И вот почему, между прочим, человеческому разуму так трудно освободиться от старого заблуждения, будто все идеи возникают в нем через внешние чувства. Все дело в том, что в мире нет ничего, в чем мы были бы более склонны сомневаться, чем в присущей нам самостоятельной силе, и несостоятельность системы сенсуалистов единственно в том, что система эта приписывает вещественному непосредственное воздействие на невещественное и таким образом заставляет тела сталкиваться с сознаниями, вместо того, чтобы приводить в соприкосновение предметы одной и той же природы, как в области вещества, то есть одни сознания с другими сознаниями. И, наконец, проникнемся мыслью, что в чистой идее движения вещественность решительно ни при чем: все различие между движением материальным и движением в области духовной состоит в том, что элементы первого – пространство и время, а последнего – одно только время; а ведь очевидно, что идея времени уже достаточна для возникновения идеи движения. Итак, закон движения есть закон всего в мире, и то, что мы сказали о физическом движении, вполне применимо к движению умственному или нравственному.

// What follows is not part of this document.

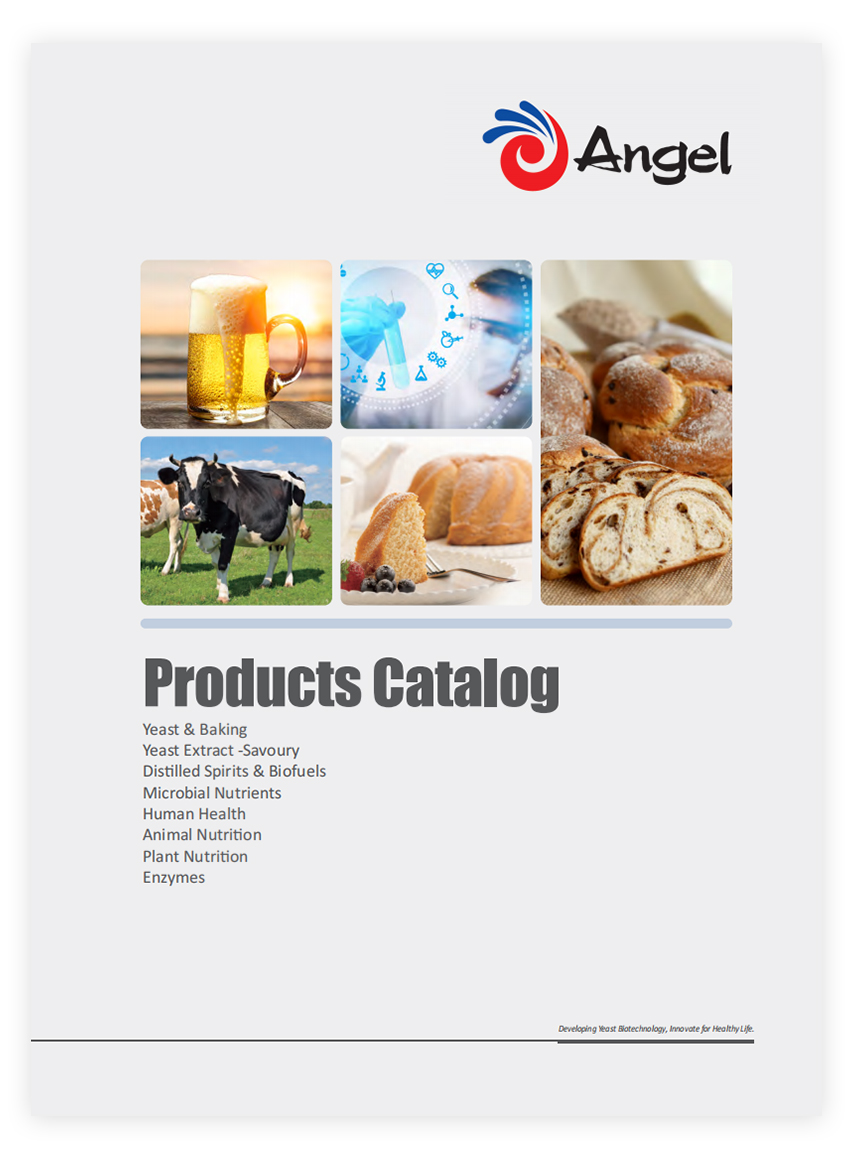 Catalogue des produits d'Angel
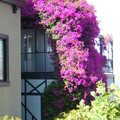DSCN2210.JPG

Что же должно заключить из всего сказанного? Что нет ни малейшего затруднения принять собственные действия человека за причину побочную: за силу, которая действует, лишь поскольку она соединяется с другой высшей силой, точно так, как притяжение действует лишь в совокупности с силой вержения. Вот то, к чему мы хотели прийти.
Может быть, подумают, что в этой системе нет места для философии нашего Я. И ошибутся. Напротив, эта философия прекрасно уживается с изложенной системой: она только сведена здесь к своей действительной значимости, вот и все. Из того, что мы сказали о двояком действии, управляющем мирами, отнюдь не следует, чтобы наша собственная деятельность сводилась к нулю; значит, должно разобраться в присущей нам силе и пытаться понять ее по возможности правильно. Человек постоянно побуждается силой, которой он в себе не ощущает, это правда; но это внешнее действие имеет на него влияние через сознание, следовательно, как бы ни дошла до меня идея, которую я нахожу в своей голове, нахожу я ее там только потому, что сознаю ее. А сознавать – значит действовать. Стало быть, я на самом деле и постоянно действую, хотя в то же время подчиняюсь чему-то, что гораздо сильнее меня, – я сознаю. Одно не устраняет другого, одно следует за другим, его не исключая, и первый факт мне так же доказан, как и последний. Вот если меня спросят, как именно возможно такое действие на меня извне, это совсем другой вопрос, и вы, конечно, понимаете, что здесь не время его рассматривать: на него должна ответить философия высшего порядка. Простому разуму следует только установить факт внешнего воздействия и принять его за одно из своих основных верований; остальное его не касается. Впрочем, кто не знает, как чужая мысль вторгается в наше сознание? Как мы подчиняемся мнениям, убеждениям других? Всякий, кто об этом размышлял, отлично понимает, что один разум подчиняется другому и вместе с тем сохраняет всю свою силу, все свои способности. Итак, несомненно, великий вопрос о свободе воли, как бы он ни был запутан, не представлял бы затруднений, если бы умели вполне проникнуться идеей, что природа существа, одаренного разумом, заключается только в сознании и что, поскольку одаренное разумом существо сознает, оно не утрачивает ничего из своей природы, каким бы путем сознание в него ни вливалось.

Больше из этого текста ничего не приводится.